WORK INSTRUCTION.
Starting at the line that contains "1.088244060", quote every line through the end of the entries, word for word, skipping the pictures.
--- PROVIDED MATERIAL Enclosed Below ---
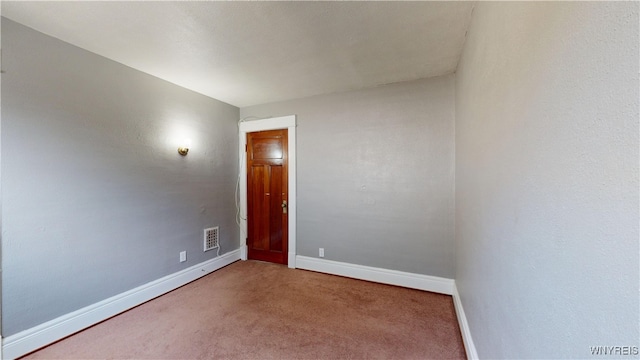 79 Eaglewood Ave, Buffalo, NY 14220 - photo 39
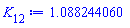 1.088244060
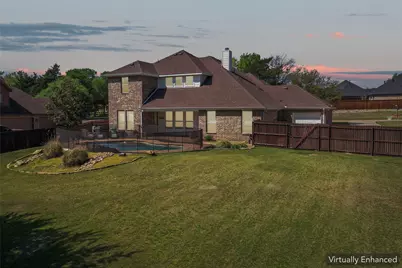 235 Williamsburg Lane, Ovilla, TX 75154 - Photo 39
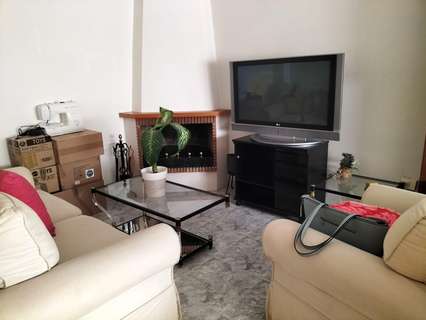 Casa en venta en Cox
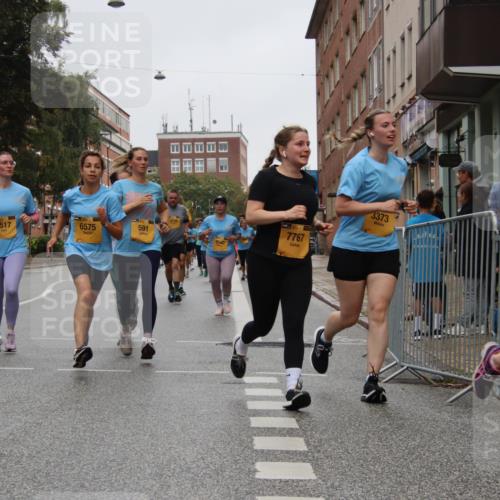 13.09.2026 - Kiel Lauf Markus Tischler http://msf.ph/oto/10451919 13.09.2026 09:47:07 Fleethörn 5517, 6575, 591, 3735, 7767, 3373, 9936 meine-sportfotos.de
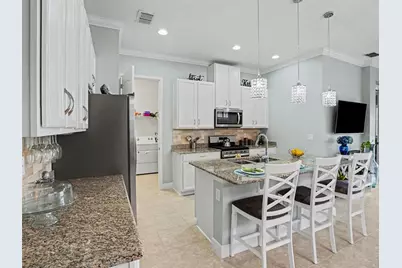 2388 Datura Loop, Saint Cloud, FL 34772 - Photo 11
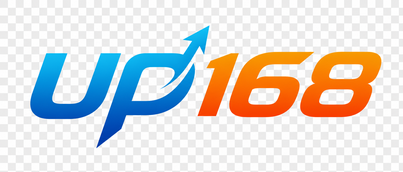 UP168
--- End of Enclosed PROVIDED MATERIAL ---
YOUR SOLUTION.
 1.088244060
 235 Williamsburg Lane, Ovilla, TX 75154 - Photo 39
 Casa en venta en Cox
 13.09.2026 - Kiel Lauf Markus Tischler http://msf.ph/oto/10451919 13.09.2026 09:47:07 Fleethörn 5517, 6575, 591, 3735, 7767, 3373, 9936 meine-sportfotos.de
 2388 Datura Loop, Saint Cloud, FL 34772 - Photo 11
 UP168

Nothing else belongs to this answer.